Derek Saltzman and Mason Mincey had to break a few eggs before landing on the right ingredient to help them create high-performance material that is both sustainable and environmentally friendly.
They were surprised to find what they were looking for in a naturally occurring plant: seaweed.
“It was exciting to learn that you can make products in a renewable way that don’t suck,” Mincey said. “We were enamored with the concept of using plant-based material like flax or hemp in our previous startup and carried that philosophy over to what we’re building now.”
The discovery led to the creation of their startup, Soarce, which recently finished a program at Lake Nona’s IeAD sports accelerator.
IeAD program aftereffects
As a result of that program, Mincey and Saltzman recently announced that they are seeking manufacturing space in Lake Nona.
A Lake Nona office would be a far cry from the garage that they first discovered the seaweed factor.
It was there they conducted experiments in an air conditioned, zip-up tent, that they compare – at least aesthetically – to a mini-version of the “Breaking Bad” set.
“Once it worked, it was one of those things where I thought, ‘I know this is not nothing,’” said Saltzman, who along with Mincey was part of the second graduating class the UCF Department of Materials Science and Engineering. “We started to see how this could be a successful company.”
The path to Soarce has not exactly been smooth sailing.
Both Mincey and Saltzman had launched a drone-related business, having studied aerospace engineering at UCF.
However, three years into the business, they had to shift gears.
They didn’t see a future for the company, despite a stint with the popular program TechStars and collaboration with Red Bull.
“It was one of the lower points in our entrepreneurship journey,” Saltzman said. “We went back to the drawing board.”
“It was demoralizing,” said Saltzman, noting that the company had lost a few employees after having already pivoted from the original idea.
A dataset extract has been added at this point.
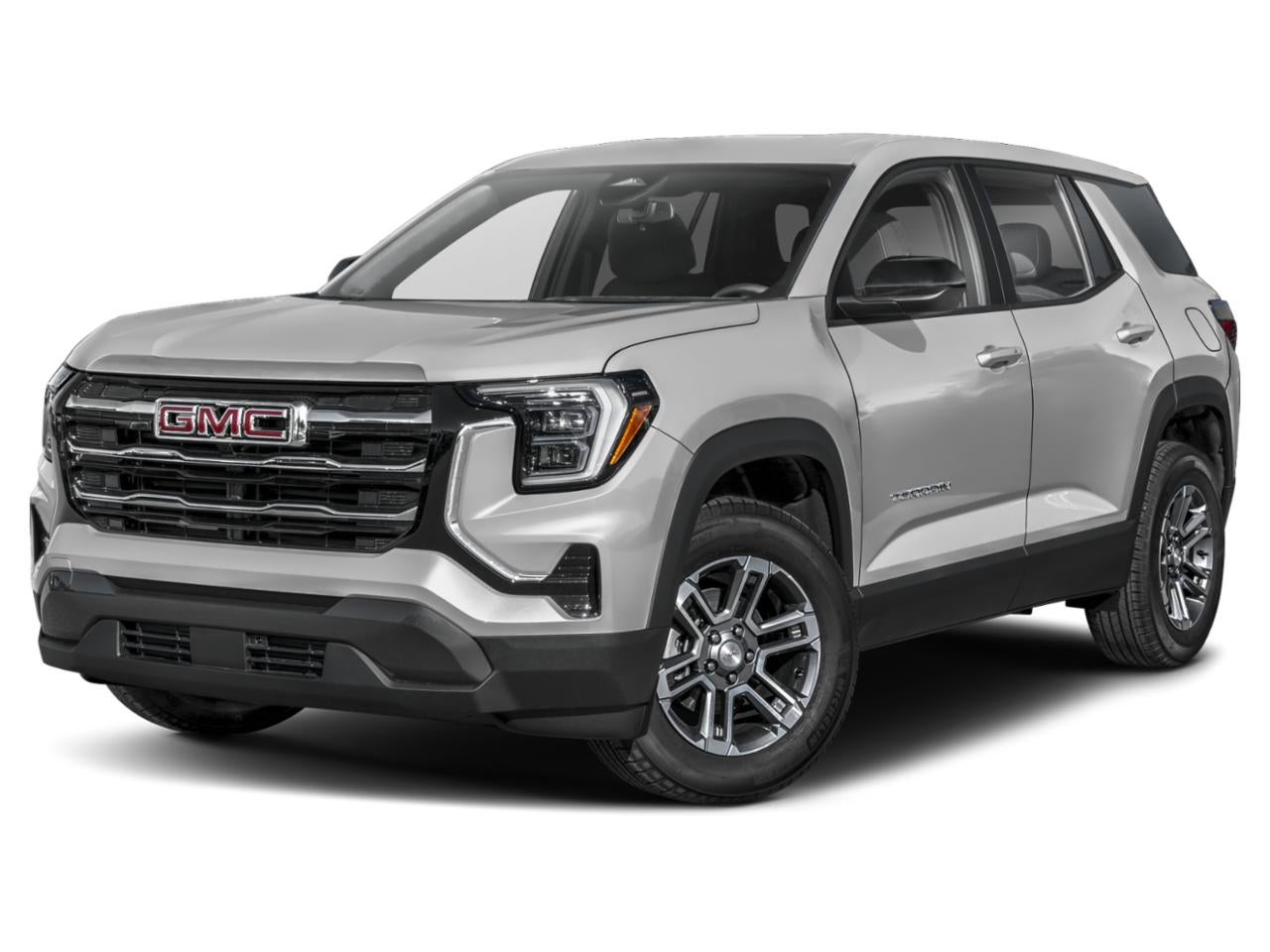 2026 GMC Terrain AWD 4dr Denali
Ever since they turned their attention to Soarce, the company has racked up small wins that have them confident in the idea.
In 2020, they landed a $50,000 grant from the National Science Foundation.
They have since gone through the Lake Nona accelerator and will soon start at Creative Destruction Lab, a nonprofit based in Toronto.
Mincey said dealing with adversity and still receiving support from communities like IeAD have been encouraging.
“It has been humbling as you start to understand what is really required to build a large, successful company,” he said. “It’s not always just about building good technology.”
Saltzman said the mentors he met at IeAD would be gamechangers for the company.
“Being able to communicate with those who have been there, done that and can tell you where the pitfalls are is life-changing,” Saltzman said. “It’s about being a sponge.”